Muslims, Catholics In Joint Call For Religious Freedom

VATICAN CITY (AFP) — Muslims and Catholics on Thursday issued a joint call for religious freedom, non-violence and a fairer world after landmark inter-faith talks at the Vatican.

The three-day forum was “one more step along the way towards greater understanding between Muslims and Christians,” Pope Benedict XVI said of the gathering, two years after he sparked Muslim outrage with a speech seen as linking Islam with violence.

The closed-door discussions were marked by “rare frankness,” one of the Muslim participants, Italian Yahia Pallavicini, told AFP.

Another participant, French Catholic academic Joseph Maila, said sensitive words such as “Islamophobia” were discussed, while Swiss intellectual Tariq Ramadan said: “We agreed that it was impossible to avoid certain sensitive issues.”

Benedict, who met the 58 participants in the sumptuous Clementine Hall, used for grand occasions at the Vatican, said the differing concepts of God should not prevent the two faiths from showing “mutual respect.”

He stressed the importance of “freedom of conscience and freedom of religion,” saying: “My hope … is that these fundamental human rights will be protected for all people everywhere.”

The persecution of minority Christians, notably in Muslim countries, is a continuing concern of the Roman Catholic Church and the subject of frequent appeals by the pope.

Speaking for the Muslim delegation, Seyyed Hossein Nasr of Iran, a professor of Islamic studies at George Washington University in Washington, warned for his part against “aggressive proselytising… in the name of freedom.”

The forum’s 15-point final declaration called for “respect of the person and her or his choices in matters of conscience and religion (and) the right of individuals and communities to practice their religion in private and public.”

It said religious minorities are “entitled to their own places of worship, and their founding figures and symbols they consider sacred should not be subject to any form of mockery or ridicule.”

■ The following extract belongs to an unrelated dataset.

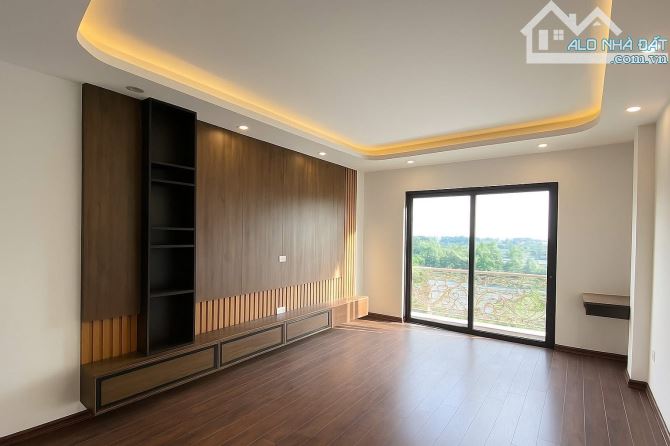 Bán nhà Aeon Long Biên 75m-3,5tầng - giá 12tỷ5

The participants also condemned #8220;oppression, aggressive violence and terrorism, especially that committed in the name of religion.”

And they called “for an ethical financial system in which the regulatory mechanisms consider the situation of the poor and disadvantaged, both as individuals and as indebted nations.”

The Vatican seminar, which the delegates said was held in a “warm and convivial spirit,” was organised in response to a Muslim call for dialogue issued in October 2006, a month after Benedict’s controversial speech in Regensburg, Germany.

Each delegation included 24 participants and five advisors.

Another such forum will be held in a Muslim country, yet to be designated, in 2010.